Снаружи он мог видеть красноватую тень неба на горах: темная тень, делающая бесконечные леса похожими на темные батальоны гигантов, штурмующих высоты. Внизу великий прилив воды вздымался и пенился сердито, пытаясь похоронить и скрыть следы битв, сраженных на его берегу: разрушенные мосты, массы каменной кладки, почерневшие балки вагонов и двигателей. Можно было вообразить, что Природа, в своей великой умеренности, стыдилась мелкой ярости человека и стремилась скрыть ее даже от него самого. Кусты лавра и сумаха просовывали зеленую листву и темно-бордовые бархатные цветы над песчаными выступами на скале, где была установлена пушка Конфедерации; и даже над великими массами обожженного кирпича и гранита, которые забивали долину, нежный мох, неустрашимый и неутомимый, начинал прокладывать свой скрывающий путь. Рядом с собой он видел небольшое квадратное здание, неповрежденное — то самое, в котором Джон Браун содержался в качестве заключенного: федеральные войска использовали его теперь как гауптвахту для захваченных конфедератов.

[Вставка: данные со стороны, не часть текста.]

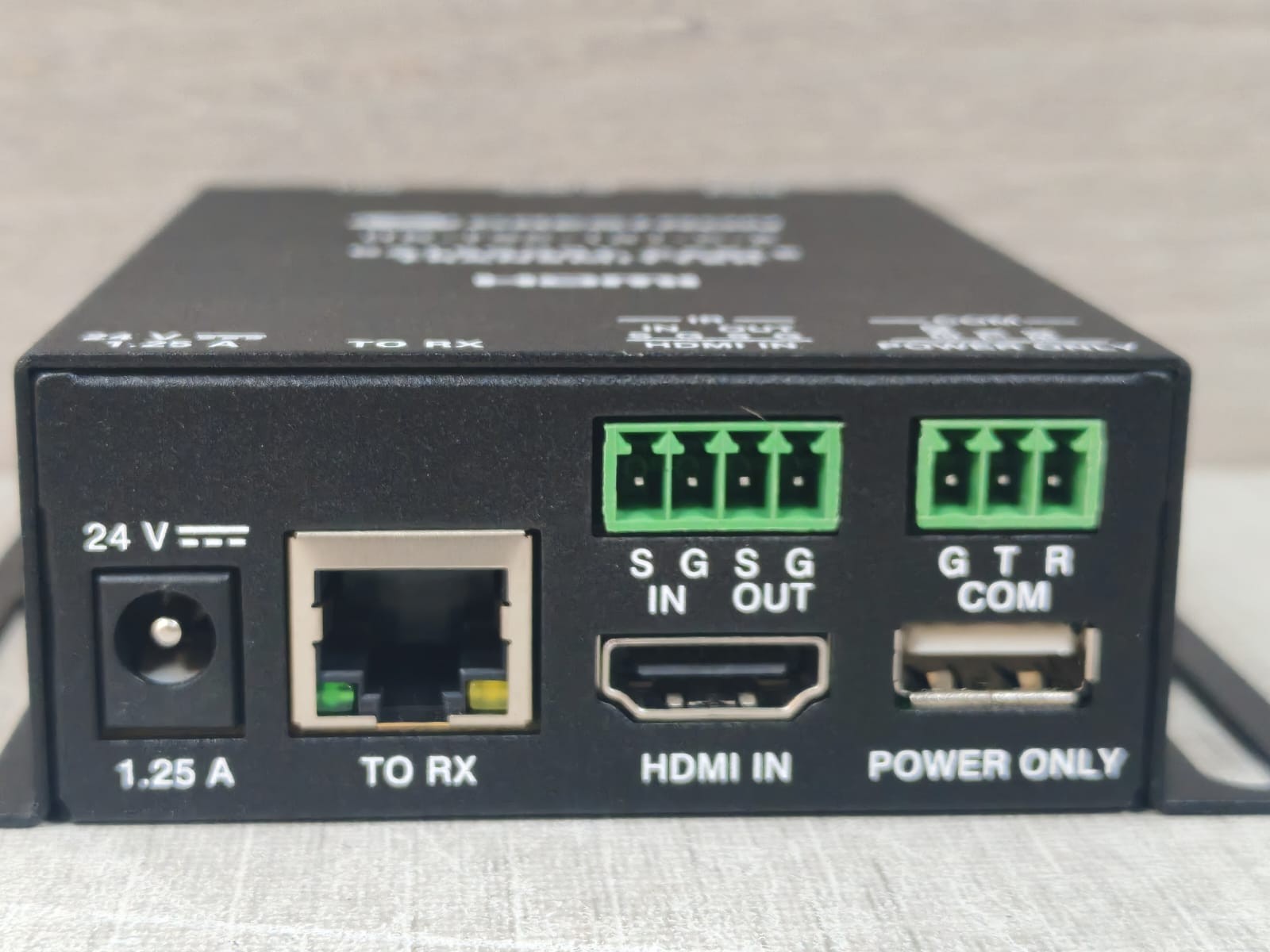 Crestron HD-TXC-101-C-E Crestron HD-TXC-101-C-E Category Cable Transmitter HDMI 6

Один из этих людей, партизан, будучи больным, был доставлен в больницу и лежал на кровати рядом с Блекером — костлявый, с деревянным лицом человек, с промасленными желтыми бакенбардами и холодным, серым, чувственным глазом: жалующийся непрерывно ноющим голосом — предательский обманчивый голос, как показалось Блекеру: это раздражало его.
«Передвиньте кровать этого человека подальше от моей завтра», — сказал он медсестре в тот вечер. «Если я должен умереть, позвольте мне услышать что-то в конце, в чем есть твердость».
Он услышал, как человек проклял его; но даже это было сделано мягко.
Буря собиралась медленно. Низкие, резкие порывы ветра ползли по земле с интервалами, сворачивая поверхность воды, заставляя дрожать траву: далекие стоны в горных проходах, за высотами Мэриленда, слышимые в мертвой тишине: резкие испуганные трепеты в близлежащих кустах и верхушках деревьев, затем бесконечные леса, качающиеся с угрюмым ревом. Долина быстро погрузилась в ночь; бледный зеленоватый свет, слабый и яростный, начал вспыхивать на севере.